According to the European Commission, new plans have been laid out to encourage the production of hydrogen through the establishment of the EHB by the end of this year.

The new European Hydrogen Bank will be established by the end of this year, according to the European Commission, which also has plans to award 10-year contracts in a fresh hydrogen auction. While this is going on, Linde Engineering is collaborating with a number of other businesses to test ammonia cracking and solid oxide electrolyzer cell (SOEC) technology.

According to the European Commission, new plans have been laid out to encourage the production of hydrogen through the establishment of the European Hydrogen Bank (EHB) by the end of this year. By the third quarter, it will also introduce an auction system with the EHB for the production of renewable hydrogen.

For a maximum of ten operational years, it will provide support to hydrogen producers in the form of a fixed price per kilogramme. To establish a continental hydrogen market, import hydrogen into the European Union, improve transparency, and work with other organisations and private investors, the EHB will specify financing mechanisms.

The EU estimates that the total investment in hydrogen will be between €335 billion and €471 billion, of which between €200 billion and €300 billion will go towards expanding the production of renewable energy.

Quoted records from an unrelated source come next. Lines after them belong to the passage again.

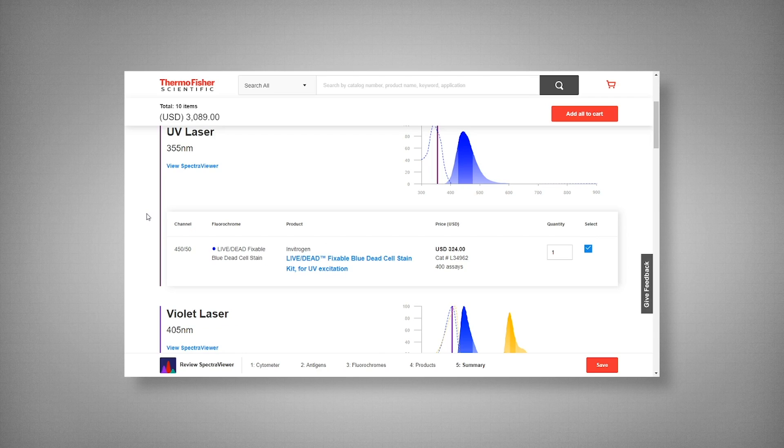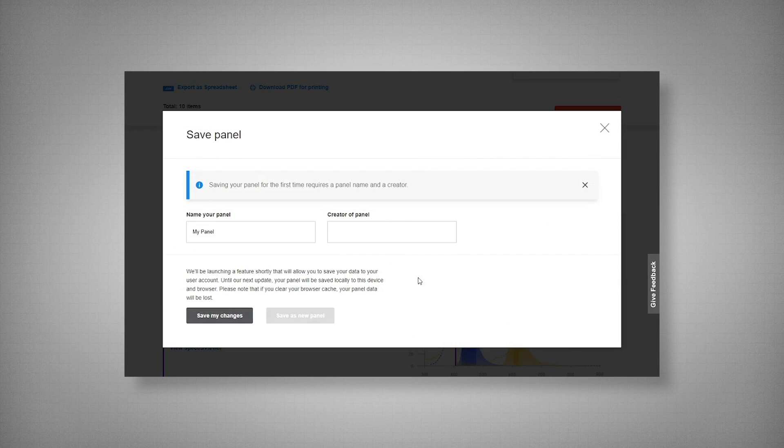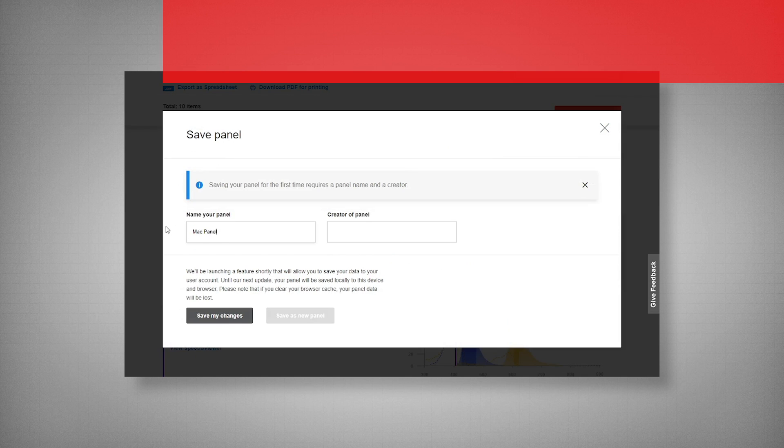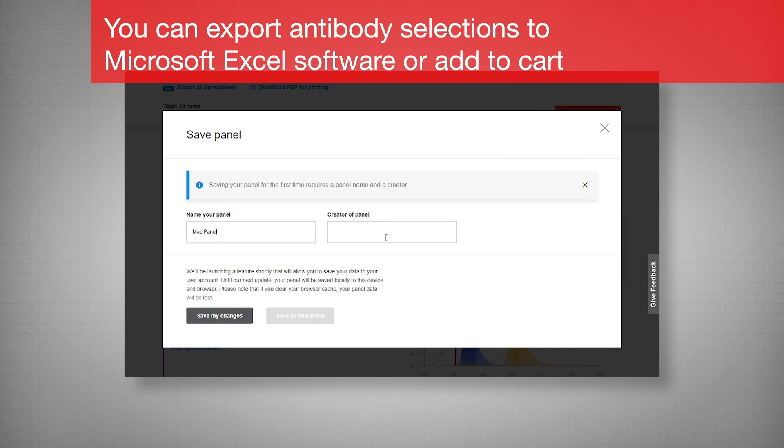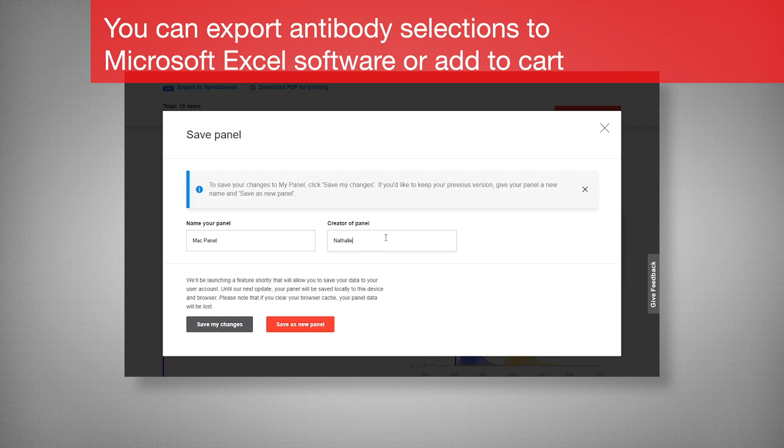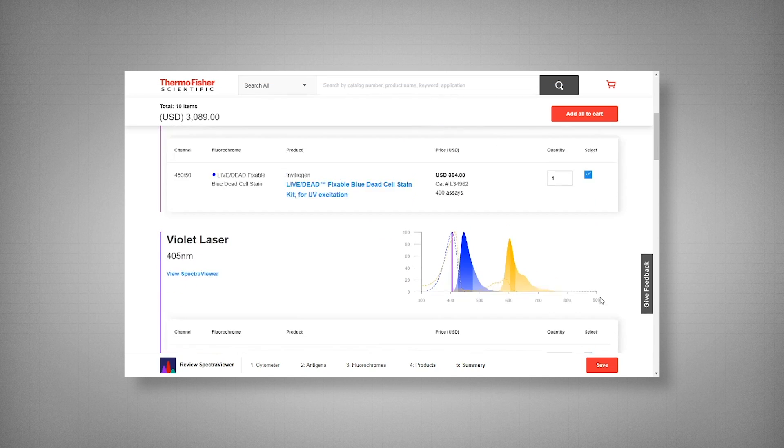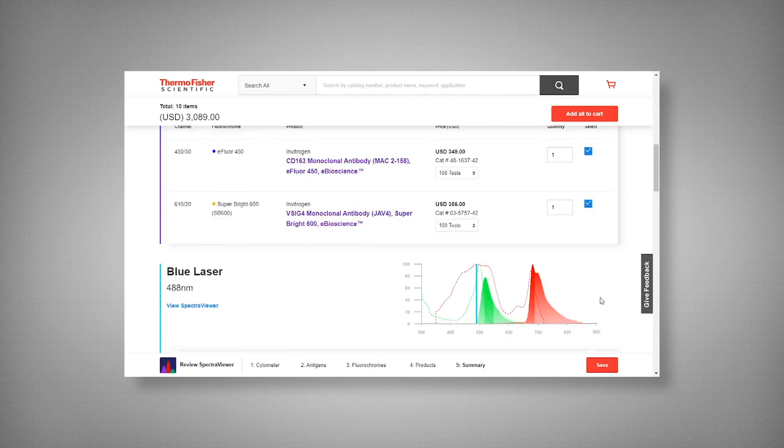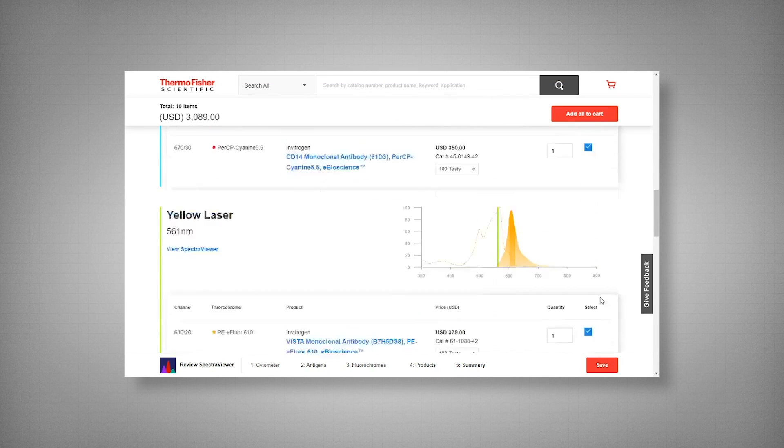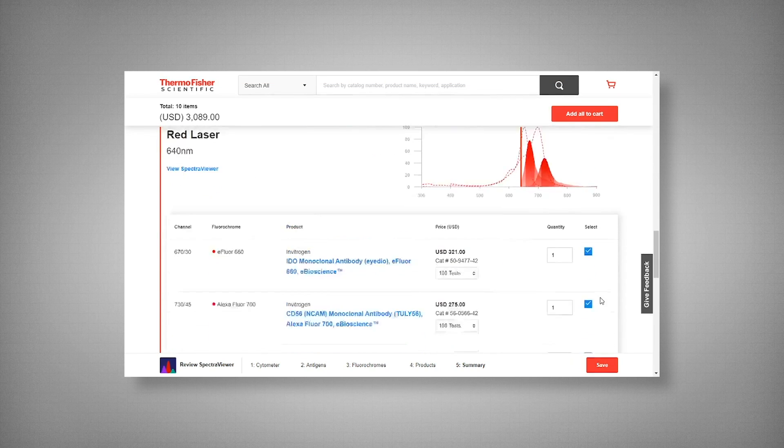So here, you can save your panel. I'm going to call it my Mac panel. And creator. Simply save and you can go back to it. And with this we are now ready to, we're one step closer to beginning our experiment.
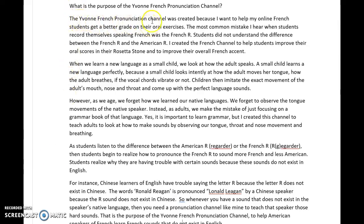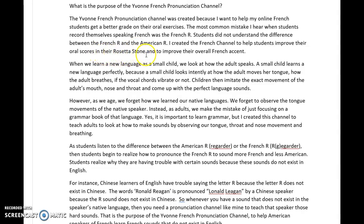The Yvonne French Pronunciation Channel was created because I want to help my online French students get a better grade on their oral exercises. The most common mistake I hear when students record themselves speaking French was the French R. Students did not understand the difference between the French R and the American R. I created the French Channel to help students improve their oral scores in their Rosetta Stone exercises and to help French students improve their overall French accent.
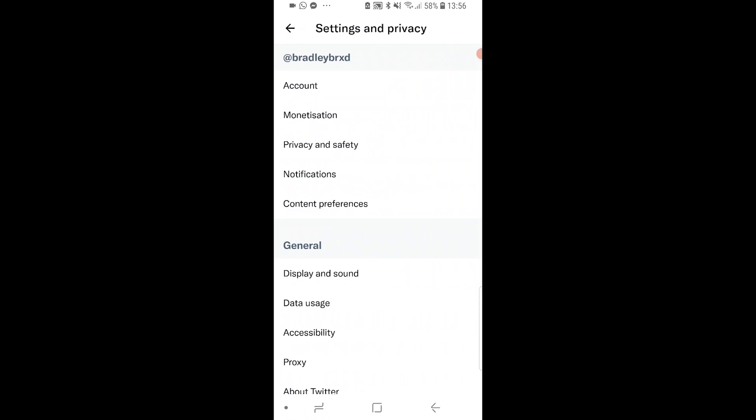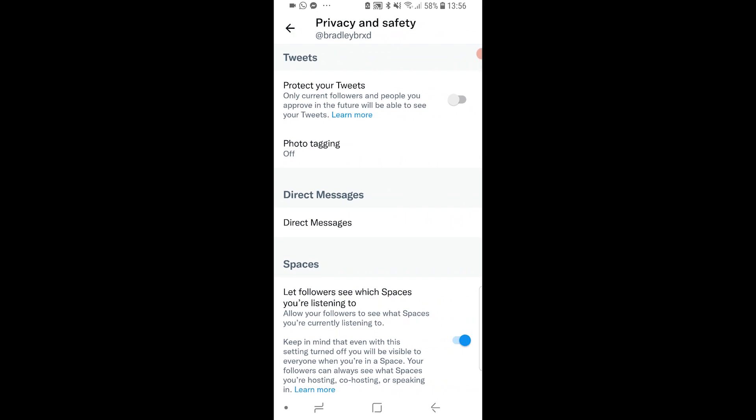Once you're here, click on the third button down which will be privacy and safety, and then you can see protect your tweets.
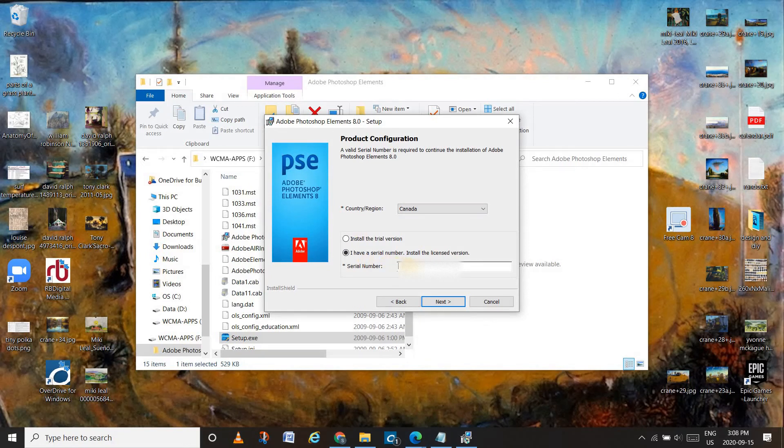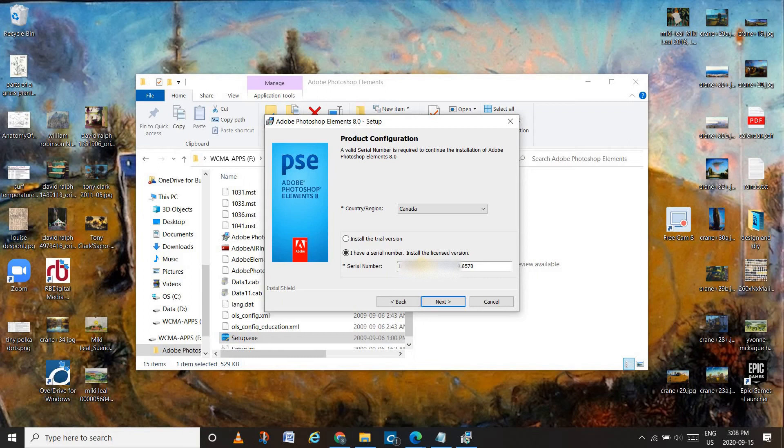And this is where you can press Ctrl V to paste it. However, you need to make sure that you get rid of those dots. So place your cursor after the dot and press backspace.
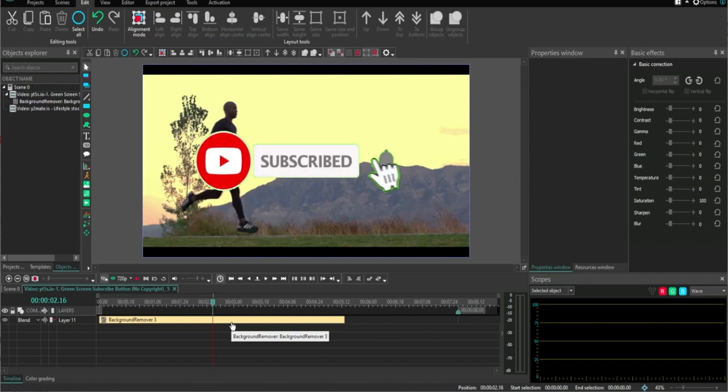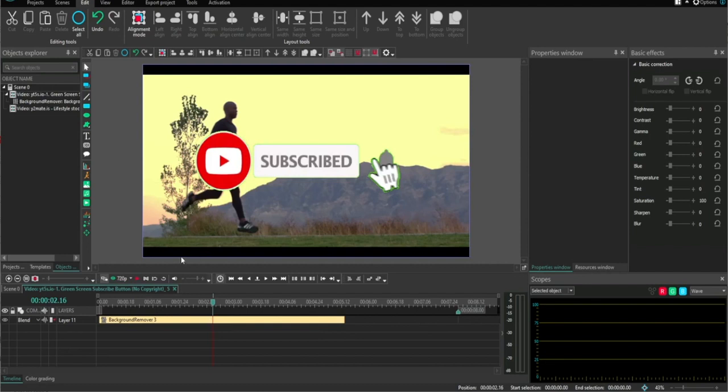In this video, I'm going to show you how you can export your video in VSDC video editor. I'm also going to show you how to do it in MP4 format. It is super simple.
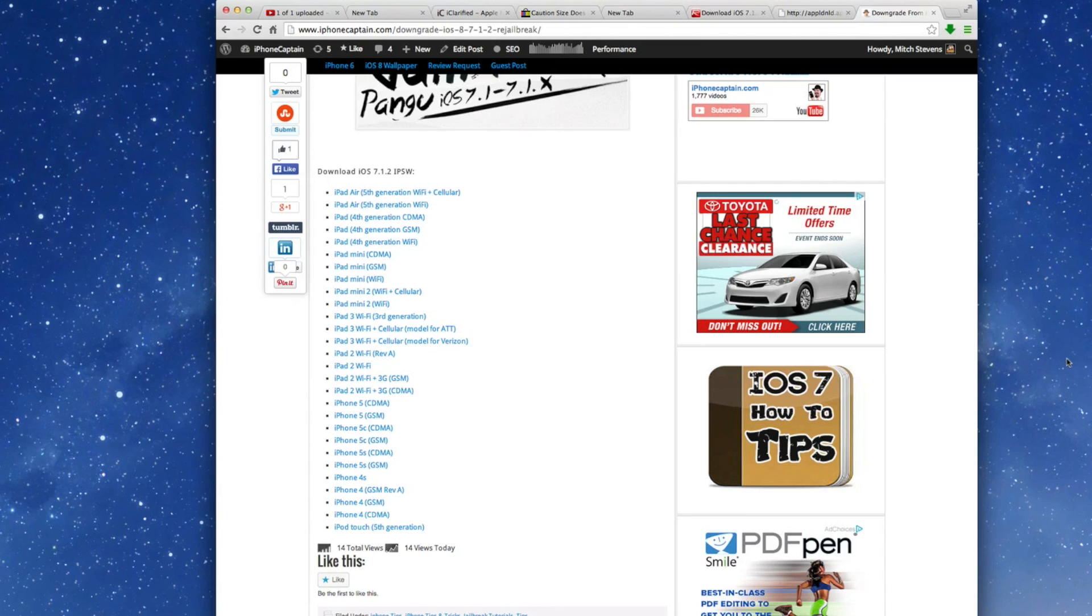Hey YouTube, it's Mitch at iPhoneCaptain.com. Today I'm going to be showing you how to go from iOS 8 back to iOS 7.1.2 so you can re-jailbreak your device and we'll do that right here all in this video.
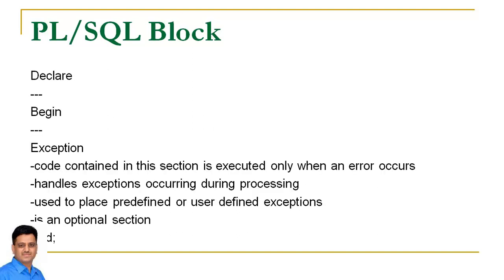Exception section is used to handle runtime errors. This code is executed only once when an error occurs. So all exception handlers which include predefined or user-defined exceptions are written in this section.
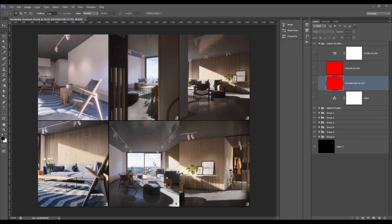Hi everyone, my name is Simon and tonight I'm showing you a new rendering teardown.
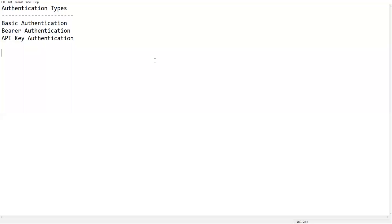Hi everyone, welcome. In this video I am going to talk about authentication types. Whenever you are sending some requests to the server, we need to pass some kind of authentication. For example, if you want to access some application you need to first log in and then you will be able to access all the features. Similarly, if you want to access a response by sending a request, you need to authenticate that particular API request. These authentication types can be many types, like basic authentication and bearer authentication.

In order to jointly validate the performance, cost, and operational functionality of its SOEC technology, Ceres Power has signed contracts with Linde Engineering and Bosch. The businesses announced their intention to launch a two-year, 1 MW SOEC pilot system at a Bosch site in Stuttgart, Germany, in 2024.

Ceres Power is currently putting its first 100 kW electrolyzer module through testing, and the company’s preliminary findings give them confidence that the technology can deliver green hydrogen at less than 40 kWh/kg, which is allegedly 25% more efficiently than current lower-temperature alternatives.

The development of new ammonia cracking technology has been agreed upon by Saudi Aramco and Linde Engineering.

The ammonia cracking catalyst, which Aramco and the King Abdullah University of Science and Technology (KAUST) jointly developed, will be compared to other catalysts as a potential differentiator of this new technology, according to Saudi Aramco.

The new ammonia-cracking technology will be demonstrated at a demonstration plant in northern Germany under the company’s collaboration with Linde Engineering.

The development of a green energy and fertiliser project in Kenya has been approved by Fortescue Future Industries. In terms of essential resources, infrastructure, and off-take, the Kenyan government will offer assistance.

The creation of fertiliser using green ammonia will be the main focus. Innovation TECO 2030 has received development support from Norway, the Norwegian government’s programme to support industrial innovation and development, totaling NOK 50 million ($4,63 million). The money will support the use of PEM fuel cell technology by TECO 2030 in heavy-duty and maritime applications.

To construct five hydrogen-powered, zero-emission transit vans for the Rochester-Genesee Regional Transportation Authority, Fenton Mobility Products has chosen Ideanomics (RGRTA). The order from RGRTA is worth more than $2.2 million.

According to Ideanomics, the RGRTA received a $23 million grant from the US Department of Transportation to deploy hydrogen fuel cell buses, which will cover the cost of the buses. Italy has released a request for proposals to choose decarbonization initiatives using green hydrogen in challenging industries. The budget is €1 billion in total.